The Microsoft Open Technologies, Inc. engineering team has been hard at work bringing Docker and Kubernetes support to Microsoft Azure, as we promised in July. Today we are announcing that Kubernetes can be used to manage your Docker containers on Microsoft Azure. In addition the Azure team has released the Azure Kubernetes Visualizer project which builds upon this work and makes it much easier to experiment with and learn Kubernetes on Azure.
Docker is an open-source engine that automates the deployment of any application as a portable, self-sufficient container that will run almost anywhere. Kubernetes is an open source cluster management tool, a declarative technology supporting orchestration and scheduling of Docker containers.

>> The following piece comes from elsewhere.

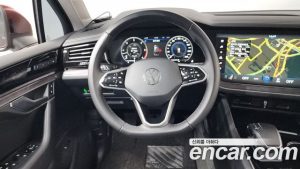Volkswagen Touareg 3.0 TDI Premium 2023 года из Южной Кореи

With these latest contributions to the Kubernetes toolset, developers can transparently deploy and manage container clusters on Azure.
The key features we have implemented are documented in the Kubernetes project and can be summarized as:
- Build a container and publish it to Azure Storage
- Deploy an Azure cluster using container images from Azure Storage or the Docker Hub
- Configure an Azure cluster
- Update the Kubernetes application on an existing cluster
- Tear down an Azure cluster
Whilst these features enable the deployment and management of complex application clusters, doing so requires an understanding of some key concepts introduced by Kubernetes.
Understanding the Language of Kubernetes
Kubernetes uses a variety of terms to describe an application consisting of a cluster of containers on Azure. Some of the most frequent include:
- Container: A portable, lightweight runtime that enables apps to be quickly assembled.
- Master: This term is used to identify the machine which manages the application as a whole. A master manages one or more minions.
- Minion: A virtual machine that runs Docker containers and thus the end-user workloads. A minion will run one or more Pods.
- Pod: An individual application, or part of an application, that runs on a single minion (VM). Pods are balanced across the minions by the master to support scalability.
- Label: An arbitrary set of key-value pairs attached to pods that are used to help organize your clusters.
- Replication controller: Manage failures and scalability by ensuring that an appropriate number of Pod deployments are available in the data center at any given time.
Unfortunately, merely defining the words used in managing a container cluster is not enough to build an understanding of how Kubernetes works. To this end, we are pleased to report that the Microsoft Azure team has created some software that helps to visualize Kubernetes deployments on Azure.
Learning With the Azure Kubernetes Visualizer
The Azure team have built the Azure Kubernetes Visualizer, which is also being released today. This open source project provides a web application, written in node.js, that automatically creates a pod definition and replication controller file that is then used by Kubernetes developers to deploy to an existing cluster of Virtual Machines running Docker.
The applications user interface provides helpful visual representations of what is happening on your cluster. Furthermore, users can edit the automatically generated files and watch as Kubernetes updates the cluster configuration.
The project is described in more detail on the Microsoft Azure blog and is a great example of how the Kubernetes project is enabling further experimentation and innovation. This visualizer work was primarily driven by Michael Blouin, an intern who brought a bright idea to a recent Microsoft hackathon, The subsequent collaboration between MS Open Tech and Microsoft Azure staff and interns has delivered software that validates our work on Kubernetes and is useful to those wanting to explore Kubernetes on Microsoft Azure.
Within MS Open Tech we are excited to see our ongoing work on Docker and Kubernetes helping to build a community that is driving interoperability and innovation in container cluster management. We hope it will benefit those of you who wish to leverage this improved interoperability across cloud platforms.